Massive decline in freight rates
According to Boston Consulting Group, numerous analyses draw a far too positive picture of freight rate developments in container transport and the balance between supply and demand. The analyses are too simple, and it is of no use to just work from the "law of big numbers" or global mega trends, he says. As such, the consulting firm does not - like others - believe in an improved balance between supply and demand by 2019. Quite the opposite, in fact.
"We project a decline in freight rates of 1.6 to 2.6 percent, where others are pointing to growth," says Ulrik Sanders about the forecast ahead of 2019.
Ulrik Sanders bases this on Boston Consulting Group's analysis of factors such as the balance between supply and demand. The development in commodities and which goods will be shipped on which trades, and how this is tied to the various global mega trends that will affect the cargo flow ahead of 2019. But one should also consider developments in headhaul and backhaul, as well as which trade routes are set to grow, explains Ulrik Sanders.
"If headhaul doesn't grow, then there won't be much growth, because there'll already be a significant amount of free capacity on the backhaul. So even though one could say that backhaul will grow 6.8 percent on Asia-Europe and 6.2 elsewhere, but it won't be of use, because you're not buying new capacity for the backhaul. And we believe that headhaul on the key trades will grow significantly less," he says, thus projecting a two to three percentage point growth in overcapacity up until 2019.
Development in supply and demand in the container market:
Source: Boston Consulting Group
"Looking at the current orders for new ships being placed now and in the past six months, we're looking at a incredible number of ships. The industry as a whole does not need this, but if one looks at the individual carriers, they won't be able to survive without the big ships."
A new mindset
The analysis shows that scale does pay off, and a majority of the top 20 carriers - most of whom are struggling to make a profit - do not have the sufficient scale to make it.

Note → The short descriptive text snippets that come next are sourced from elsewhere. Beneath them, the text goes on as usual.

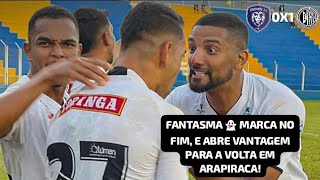 Cianorte 0X1 Asa de Arapiraca - Brasileirão Série D 2026 | Oitavas de Final (Ida).
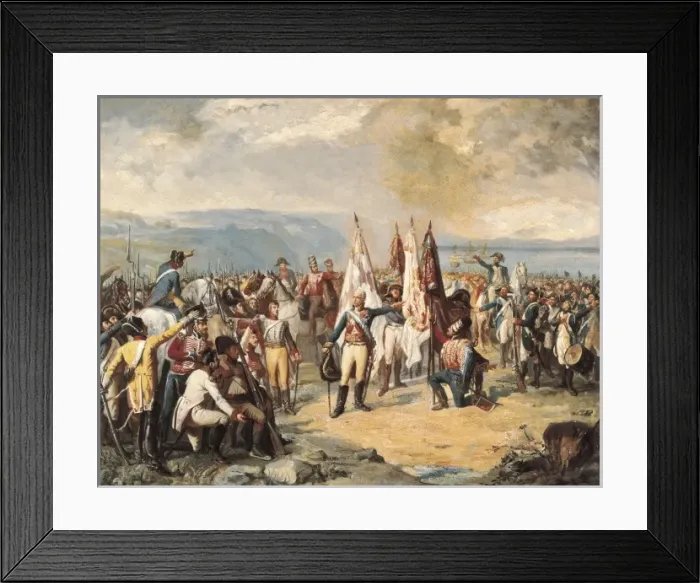 Framed Print : Spain. War of Independence (1808). Oath of Framed Print : Spain. War of Independence (1808). Oath of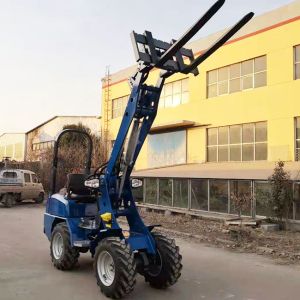 Buy cheap Hydrostatic Small Wheel Loader With 40l Hydraulic And Transmission System product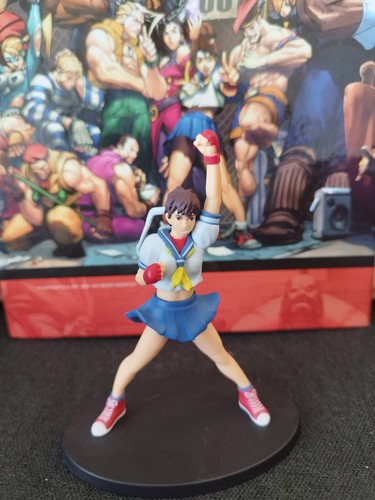 Figurine sakura street - street, fighter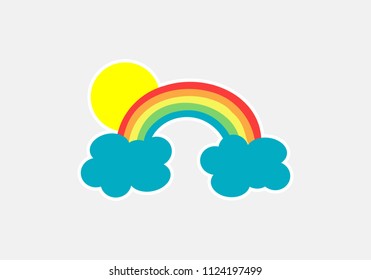 Rainbow Sky Logo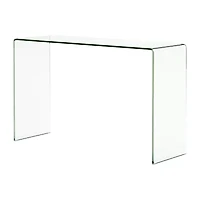 Cadyn Glass Console Table
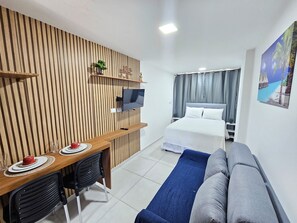 Studio | 1 bedroom, free WiFi - Eco Mirage Residence (Ipojuca)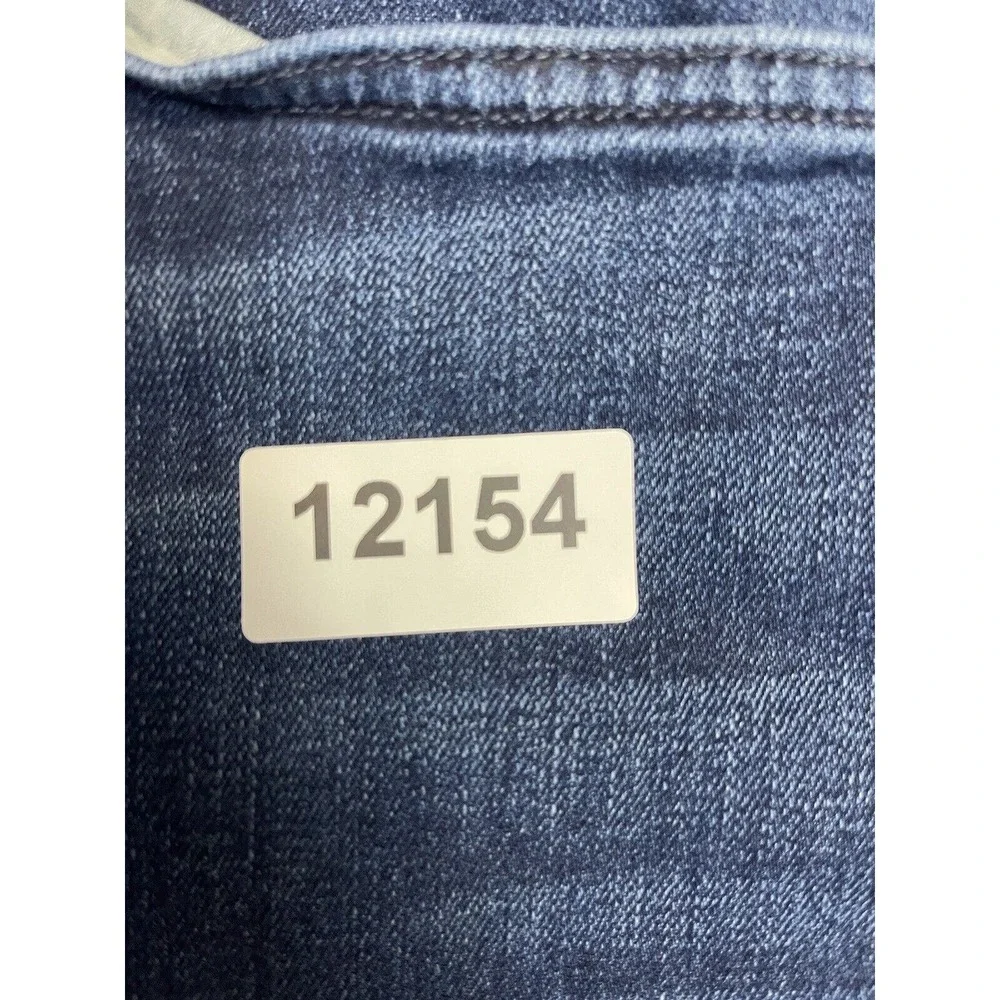 Rag & Bone Jeans Mens 33 Blue Straight Button Fly Casual‎ Workwear Denim Adult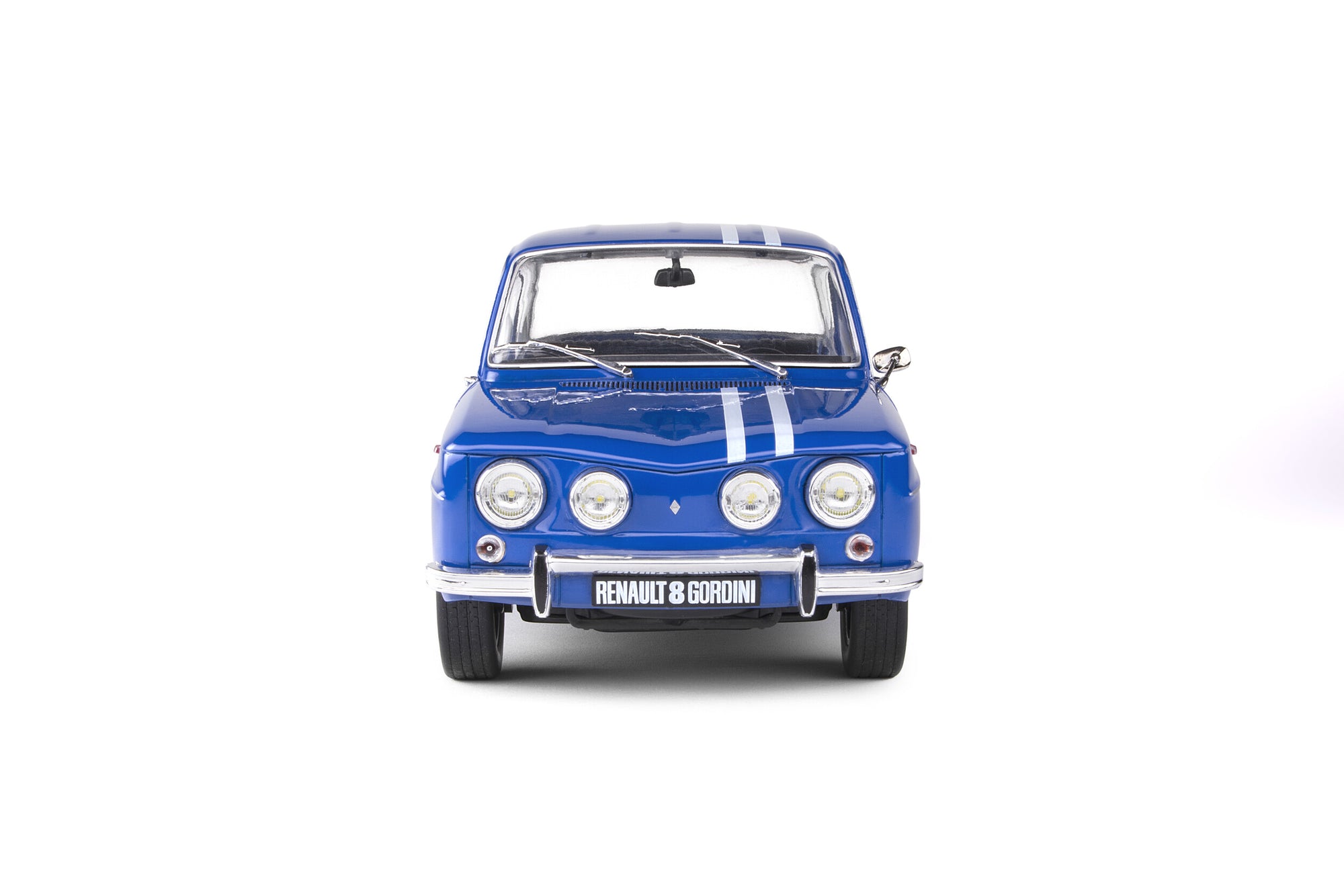 Solido 1:18 RENAULT 8 GORDINI 1300 – BLEU GORDINI – 1967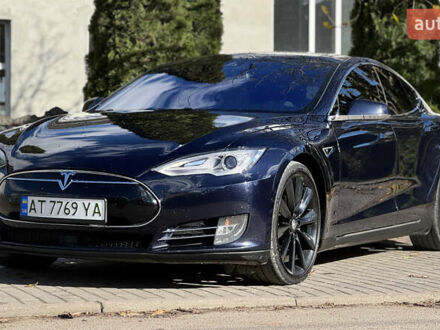 Синій Тесла Модель С, об'ємом двигуна 0 л та пробігом 200 тис. км за 15400 $, фото 1 на Automoto.ua
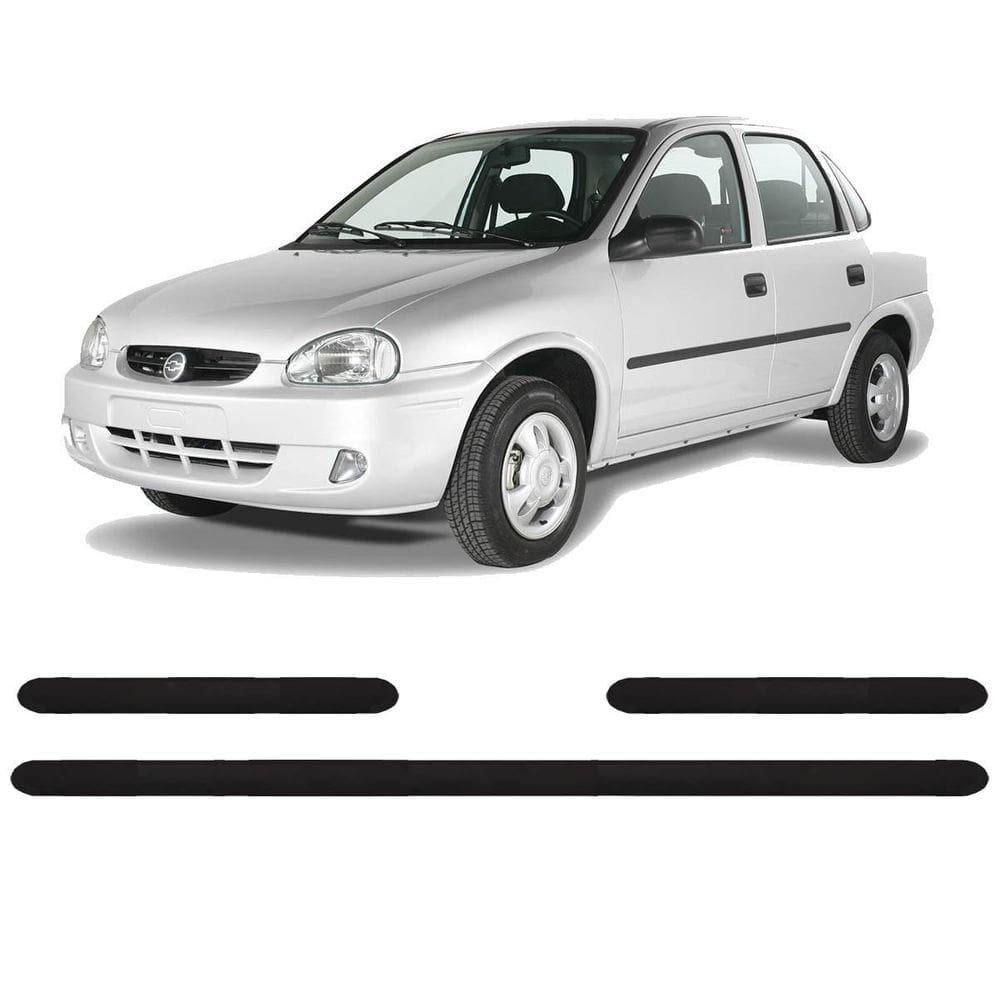 Friso Parachoque Gm Corsa Sedan 1997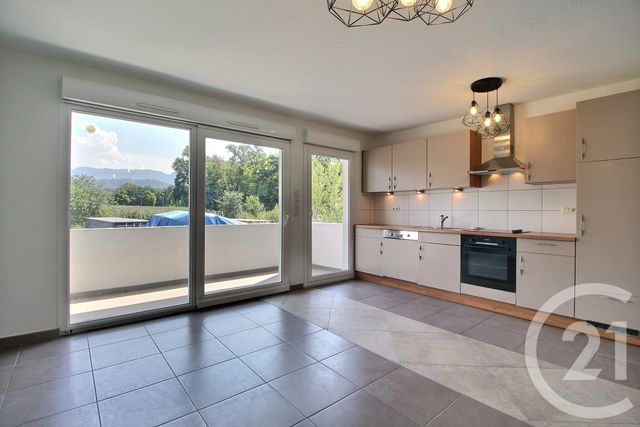 Appartement F3 à vendre - 3 pièces - 60.53 m2 - THONON LES BAINS - 74 - RHONE-ALPES - Century 21 Chablais - Léman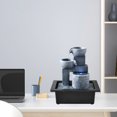 thumbnail image 5 of Elodie Decorative Tabletop Water Feng Shui Waterfall Office Ornaments Arts D, 5 of 5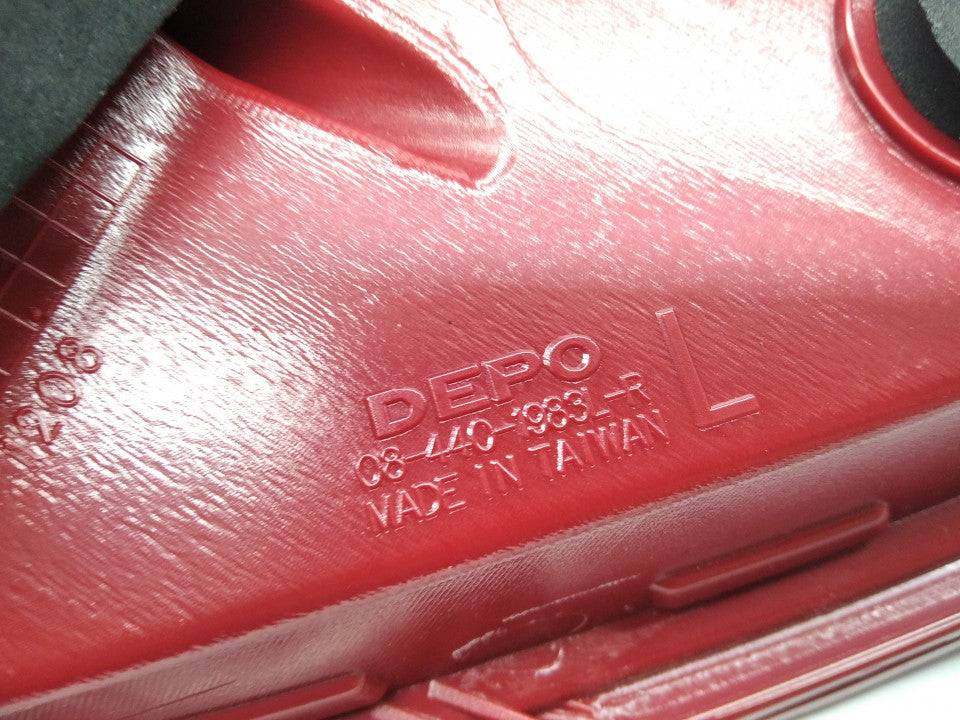 Farolim Esquerdo Led Mercedes W204 C Class Sedan 4P 10-14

This means that the individual carriers will need to reduce their costs by two percent annually just to keep up with the declining freight rates. And this is only enough to maintain status quo, says Boston Consulting, pointing to various initiatives to handle what the firm describes as a transformation of the industry as a whole.
Photo: Boston Consulting Group
These include initiatives that have already been launched at numerous carriers, such as reducing fuel consumption, terminal costs, procurement, etc. But there are still significant savings to be made, according to a benchmark of 50 shipping companies' expenses performed by the consulting firm. In terms of bunker there is a 22 percent difference between the top and bottom performed. On procurement, there is a 42 percent difference on the same routes, and for feeder the number is 33 percent.
"We can see that even though this is an initiative that's already in use, companies are performing very differently. It's about the organization, and that it's not implemented in a proper manner. These are very complex organizations because they operate globally, so it's not easy. But we believe it can be fixed," he says.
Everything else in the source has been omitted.